Political polarization on media

According to the Pew Research Center, a majority of Americans at least occasionally receive news from social media.[180] Because of algorithms on social media that filter and display news content which are likely to match their users’ political preferences, a potential impact of receiving news from social media includes an increase in political polarization due to selective exposure.[181] Political polarization refers to when an individual’s stance on a topic is more likely to be strictly defined by their identification with a specific political party or ideology than on other factors. Selective exposure occurs when an individual favors information that supports their beliefs and avoids information that conflicts with their beliefs. A study by Hayat and Samuel-Azran conducted during the 2016 U.S. presidential election observed an “echo chamber” effect of selective exposure among 27,811 Twitter users following the content of cable news shows.[181] The Twitter users observed in the study were found to have little interaction with users and content whose beliefs were different from their own, possibly heightening polarization effects.[181][182]

Efforts to combat selective exposure in social media may also cause an increase in political polarization.[183] A study examining Twitter activity conducted by Bail et al. paid Democrat and Republican participants to follow Twitter handles whose content was different from their political beliefs (Republicans received liberal content and Democrats received conservative content) over a six-week period.[183] At the end of the study, both Democrat and Republican participants were found to have increased political polarization in favor of their own parties, though only Republican participants had an increase that was statistically significant. 

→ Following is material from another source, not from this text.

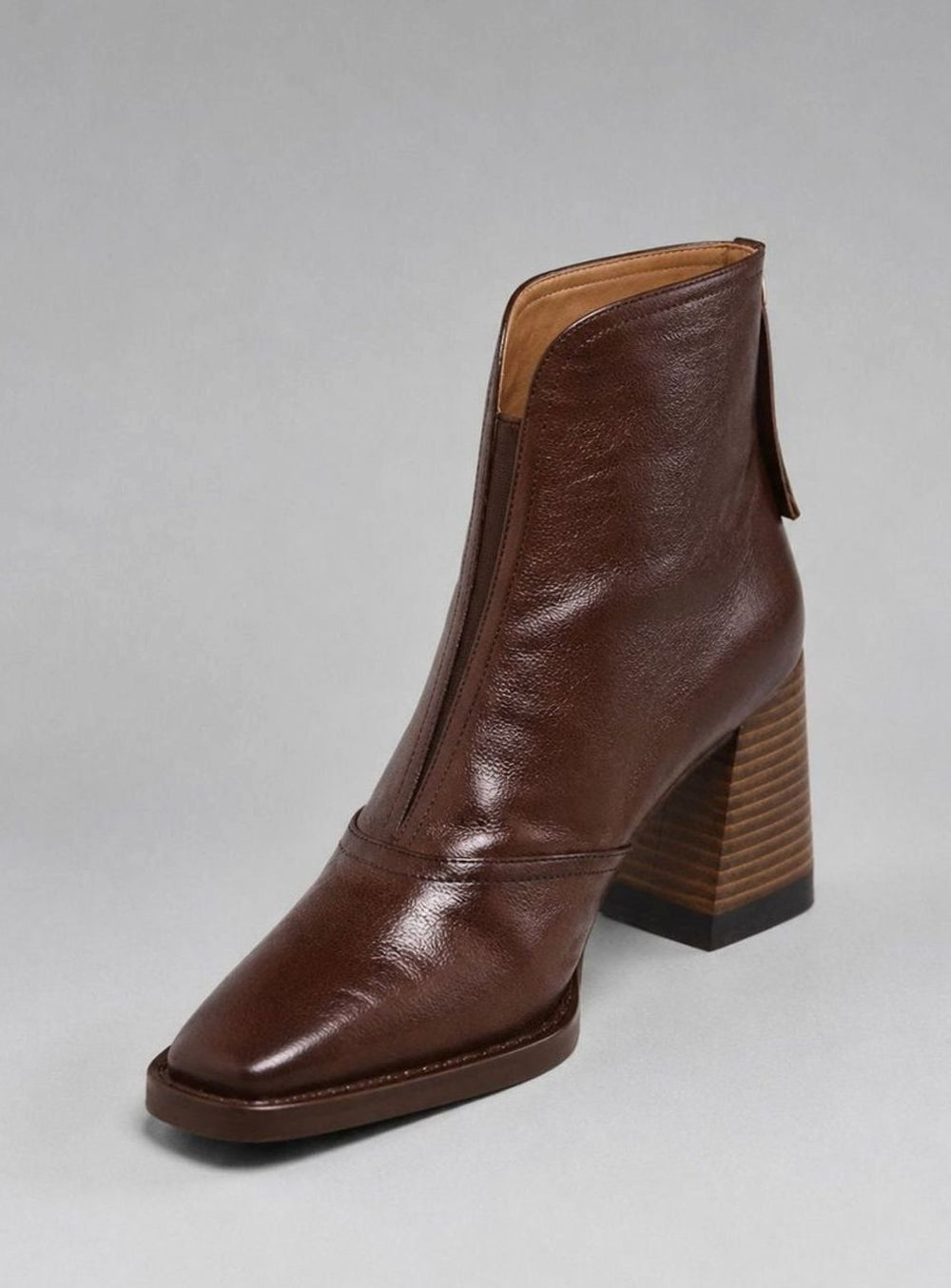 Women's Square-Toe Block-Heel Leather Zip Ankle Boots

Though research has shown evidence that social media plays a role in increasing political polarization, it has also shown evidence that social media use leads to a persuasion of political beliefs.[184][185] An online survey consisting of 1,024 U.S. participants was conducted by Diehl, Weeks, and Gil de Zuñiga, which found that individuals who use social media were more likely to have their political beliefs persuaded than those who did not.[184] In particular, those using social media as a means to receive their news were the most likely to have their political beliefs changed.[184] Diehl et al. found that the persuasion reported by participants was influenced by the exposure to diverse viewpoints they experienced, both in the content they saw as well as the political discussions they participated in.[184] Similarly, a study by Hardy and colleagues conducted with 189 students from a Midwestern state university examined the persuasive effect of watching a political comedy video on Facebook.[185] Hardy et al. found that after watching a Facebook video of the comedian/political commentator John Oliver performing a segment on his show, participants were likely to be persuaded to change their viewpoint on the topic they watched (either payday lending or the Ferguson protests) to one that was closer to the opinion expressed by Oliver.[185] Furthermore, the persuasion experienced by the participants was found to be reduced if they viewed comments by Facebook users which contradicted the arguments made by Oliver.[185]

Research has also shown that social media use may not have an effect on polarization at all.[186] A U.S. national survey of 1,032 participants conducted by Lee et al. found that participants who used social media were more likely to be exposed to a diverse number of people and amount of opinion than those who did not, although using social media was not correlated with a change in political polarization for these participants.[186]

In a study examining the potential polarizing effects of social media on the political views of its users, Mihailidis and Viotty suggest that a new way of engaging with social media must occur to avoid polarization.[187] The authors note that media literacies (described as methods which give people skills to critique and create media) are important to using social media in a responsible and productive way, and state that these literacies must be changed further in order to have the most effectiveness.[187] In order to decrease polarization and encourage cooperation among social media users, Mihailidis and Viotty suggest that media literacies must focus on teaching individuals how to connect with other people in a caring way, embrace differences, and understand the ways in which social media has a real impact on the political, social, and cultural issues of the society they are a part of.[187]